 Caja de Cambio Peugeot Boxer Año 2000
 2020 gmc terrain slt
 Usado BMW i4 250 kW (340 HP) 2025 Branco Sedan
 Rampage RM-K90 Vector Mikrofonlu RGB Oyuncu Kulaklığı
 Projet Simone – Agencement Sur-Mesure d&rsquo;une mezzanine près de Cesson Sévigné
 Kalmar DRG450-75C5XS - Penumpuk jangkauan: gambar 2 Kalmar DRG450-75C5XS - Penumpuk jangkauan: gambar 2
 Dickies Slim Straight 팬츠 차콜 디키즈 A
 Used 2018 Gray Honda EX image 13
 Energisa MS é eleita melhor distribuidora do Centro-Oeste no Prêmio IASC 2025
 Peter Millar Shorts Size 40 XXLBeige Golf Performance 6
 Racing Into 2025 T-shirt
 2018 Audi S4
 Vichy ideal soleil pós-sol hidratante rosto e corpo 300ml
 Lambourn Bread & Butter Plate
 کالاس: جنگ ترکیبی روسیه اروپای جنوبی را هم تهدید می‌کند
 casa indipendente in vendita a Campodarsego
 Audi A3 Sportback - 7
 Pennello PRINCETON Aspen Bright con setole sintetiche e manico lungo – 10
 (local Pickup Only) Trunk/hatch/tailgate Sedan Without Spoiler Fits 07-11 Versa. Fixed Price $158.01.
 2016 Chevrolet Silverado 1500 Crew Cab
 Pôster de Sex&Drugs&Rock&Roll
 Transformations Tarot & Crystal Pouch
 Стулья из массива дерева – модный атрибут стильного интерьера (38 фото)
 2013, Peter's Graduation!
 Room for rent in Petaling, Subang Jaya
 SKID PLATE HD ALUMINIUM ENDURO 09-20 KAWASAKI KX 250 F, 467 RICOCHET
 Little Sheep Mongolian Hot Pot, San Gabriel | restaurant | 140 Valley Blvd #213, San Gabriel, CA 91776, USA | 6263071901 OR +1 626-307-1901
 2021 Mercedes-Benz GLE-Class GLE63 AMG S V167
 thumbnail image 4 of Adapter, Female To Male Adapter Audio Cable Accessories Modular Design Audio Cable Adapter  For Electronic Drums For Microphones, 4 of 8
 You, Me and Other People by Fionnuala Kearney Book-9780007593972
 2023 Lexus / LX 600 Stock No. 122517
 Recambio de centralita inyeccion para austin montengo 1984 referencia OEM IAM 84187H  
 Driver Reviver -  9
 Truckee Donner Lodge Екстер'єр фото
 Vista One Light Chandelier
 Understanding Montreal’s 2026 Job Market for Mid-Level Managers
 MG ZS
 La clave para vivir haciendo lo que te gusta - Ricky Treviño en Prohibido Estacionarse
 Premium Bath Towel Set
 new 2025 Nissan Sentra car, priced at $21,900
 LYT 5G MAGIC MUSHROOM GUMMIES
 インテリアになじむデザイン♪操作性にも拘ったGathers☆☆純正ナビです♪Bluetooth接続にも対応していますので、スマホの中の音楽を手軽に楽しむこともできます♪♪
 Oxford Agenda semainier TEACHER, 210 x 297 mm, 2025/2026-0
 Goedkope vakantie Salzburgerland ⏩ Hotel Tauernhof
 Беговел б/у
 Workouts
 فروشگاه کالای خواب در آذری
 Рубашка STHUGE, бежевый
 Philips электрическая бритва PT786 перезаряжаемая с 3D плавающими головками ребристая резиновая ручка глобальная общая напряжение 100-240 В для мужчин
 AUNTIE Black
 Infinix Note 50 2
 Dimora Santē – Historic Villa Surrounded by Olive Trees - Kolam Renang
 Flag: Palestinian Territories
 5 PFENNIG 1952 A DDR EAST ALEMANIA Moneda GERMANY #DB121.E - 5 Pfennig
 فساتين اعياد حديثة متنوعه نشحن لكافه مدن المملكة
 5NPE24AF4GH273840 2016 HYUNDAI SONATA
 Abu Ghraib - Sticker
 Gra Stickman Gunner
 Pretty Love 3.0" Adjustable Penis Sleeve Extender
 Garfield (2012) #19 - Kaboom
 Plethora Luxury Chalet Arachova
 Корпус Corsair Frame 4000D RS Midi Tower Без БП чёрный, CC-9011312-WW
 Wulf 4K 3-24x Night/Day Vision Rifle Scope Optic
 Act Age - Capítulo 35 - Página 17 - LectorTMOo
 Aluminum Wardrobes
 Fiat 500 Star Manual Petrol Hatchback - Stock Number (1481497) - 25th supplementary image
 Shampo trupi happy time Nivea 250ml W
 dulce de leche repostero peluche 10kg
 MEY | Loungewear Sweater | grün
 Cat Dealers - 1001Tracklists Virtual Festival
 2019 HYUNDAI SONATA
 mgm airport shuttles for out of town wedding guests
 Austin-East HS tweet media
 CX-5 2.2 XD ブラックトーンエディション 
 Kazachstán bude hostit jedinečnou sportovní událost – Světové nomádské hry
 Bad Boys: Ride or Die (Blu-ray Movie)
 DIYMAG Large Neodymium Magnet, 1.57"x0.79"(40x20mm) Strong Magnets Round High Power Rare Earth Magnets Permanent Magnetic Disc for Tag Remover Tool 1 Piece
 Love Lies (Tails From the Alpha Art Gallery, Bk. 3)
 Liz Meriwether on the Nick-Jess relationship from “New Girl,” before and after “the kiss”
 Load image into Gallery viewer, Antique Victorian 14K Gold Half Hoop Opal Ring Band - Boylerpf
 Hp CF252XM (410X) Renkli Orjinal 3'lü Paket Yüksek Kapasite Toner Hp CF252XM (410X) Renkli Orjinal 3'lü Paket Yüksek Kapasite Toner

▸ **Requirement**
Restate the data exactly, keeping every line intact.

▸ **Your solution**
 Caja de Cambio Peugeot Boxer Año 2000
 2020 gmc terrain slt
 Usado BMW i4 250 kW (340 HP) 2025 Branco Sedan
 Rampage RM-K90 Vector Mikrofonlu RGB Oyuncu Kulaklığı
 Projet Simone – Agencement Sur-Mesure d&rsquo;une mezzanine près de Cesson Sévigné
 Kalmar DRG450-75C5XS - Penumpuk jangkauan: gambar 2 Kalmar DRG450-75C5XS - Penumpuk jangkauan: gambar 2
 Dickies Slim Straight 팬츠 차콜 디키즈 A
 Used 2018 Gray Honda EX image 13
 Energisa MS é eleita melhor distribuidora do Centro-Oeste no Prêmio IASC 2025
 Peter Millar Shorts Size 40 XXLBeige Golf Performance 6
 Racing Into 2025 T-shirt
 2018 Audi S4
 Vichy ideal soleil pós-sol hidratante rosto e corpo 300ml
 Lambourn Bread & Butter Plate
 کالاس: جنگ ترکیبی روسیه اروپای جنوبی را هم تهدید می‌کند
 casa indipendente in vendita a Campodarsego
 Audi A3 Sportback - 7
 Pennello PRINCETON Aspen Bright con setole sintetiche e manico lungo – 10
 (local Pickup Only) Trunk/hatch/tailgate Sedan Without Spoiler Fits 07-11 Versa. Fixed Price $158.01.
 2016 Chevrolet Silverado 1500 Crew Cab
 Pôster de Sex&Drugs&Rock&Roll
 Transformations Tarot & Crystal Pouch
 Стулья из массива дерева – модный атрибут стильного интерьера (38 фото)
 2013, Peter's Graduation!
 Room for rent in Petaling, Subang Jaya
 SKID PLATE HD ALUMINIUM ENDURO 09-20 KAWASAKI KX 250 F, 467 RICOCHET
 Little Sheep Mongolian Hot Pot, San Gabriel | restaurant | 140 Valley Blvd #213, San Gabriel, CA 91776, USA | 6263071901 OR +1 626-307-1901
 2021 Mercedes-Benz GLE-Class GLE63 AMG S V167
 thumbnail image 4 of Adapter, Female To Male Adapter Audio Cable Accessories Modular Design Audio Cable Adapter  For Electronic Drums For Microphones, 4 of 8
 You, Me and Other People by Fionnuala Kearney Book-9780007593972
 2023 Lexus / LX 600 Stock No. 122517
 Recambio de centralita inyeccion para austin montengo 1984 referencia OEM IAM 84187H  
 Driver Reviver -  9
 Truckee Donner Lodge Екстер'єр фото
 Vista One Light Chandelier
 Understanding Montreal’s 2026 Job Market for Mid-Level Managers
 MG ZS
 La clave para vivir haciendo lo que te gusta - Ricky Treviño en Prohibido Estacionarse
 Premium Bath Towel Set
 new 2025 Nissan Sentra car, priced at $21,900
 LYT 5G MAGIC MUSHROOM GUMMIES
 インテリアになじむデザイン♪操作性にも拘ったGathers☆☆純正ナビです♪Bluetooth接続にも対応していますので、スマホの中の音楽を手軽に楽しむこともできます♪♪
 Oxford Agenda semainier TEACHER, 210 x 297 mm, 2025/2026-0
 Goedkope vakantie Salzburgerland ⏩ Hotel Tauernhof
 Беговел б/у
 Workouts
 فروشگاه کالای خواب در آذری
 Рубашка STHUGE, бежевый
 Philips электрическая бритва PT786 перезаряжаемая с 3D плавающими головками ребристая резиновая ручка глобальная общая напряжение 100-240 В для мужчин
 AUNTIE Black
 Infinix Note 50 2
 Dimora Santē – Historic Villa Surrounded by Olive Trees - Kolam Renang
 Flag: Palestinian Territories
 5 PFENNIG 1952 A DDR EAST ALEMANIA Moneda GERMANY #DB121.E - 5 Pfennig
 فساتين اعياد حديثة متنوعه نشحن لكافه مدن المملكة
 5NPE24AF4GH273840 2016 HYUNDAI SONATA
 Abu Ghraib - Sticker
 Gra Stickman Gunner
 Pretty Love 3.0" Adjustable Penis Sleeve Extender
 Garfield (2012) #19 - Kaboom
 Plethora Luxury Chalet Arachova
 Корпус Corsair Frame 4000D RS Midi Tower Без БП чёрный, CC-9011312-WW
 Wulf 4K 3-24x Night/Day Vision Rifle Scope Optic
 Act Age - Capítulo 35 - Página 17 - LectorTMOo
 Aluminum Wardrobes
 Fiat 500 Star Manual Petrol Hatchback - Stock Number (1481497) - 25th supplementary image
 Shampo trupi happy time Nivea 250ml W
 dulce de leche repostero peluche 10kg
 MEY | Loungewear Sweater | grün
 Cat Dealers - 1001Tracklists Virtual Festival
 2019 HYUNDAI SONATA
 mgm airport shuttles for out of town wedding guests
 Austin-East HS tweet media
 CX-5 2.2 XD ブラックトーンエディション 
 Kazachstán bude hostit jedinečnou sportovní událost – Světové nomádské hry
 Bad Boys: Ride or Die (Blu-ray Movie)
 DIYMAG Large Neodymium Magnet, 1.57"x0.79"(40x20mm) Strong Magnets Round High Power Rare Earth Magnets Permanent Magnetic Disc for Tag Remover Tool 1 Piece
 Love Lies (Tails From the Alpha Art Gallery, Bk. 3)
 Liz Meriwether on the Nick-Jess relationship from “New Girl,” before and after “the kiss”
 Load image into Gallery viewer, Antique Victorian 14K Gold Half Hoop Opal Ring Band - Boylerpf
 Hp CF252XM (410X) Renkli Orjinal 3'lü Paket Yüksek Kapasite Toner Hp CF252XM (410X) Renkli Orjinal 3'lü Paket Yüksek Kapasite Toner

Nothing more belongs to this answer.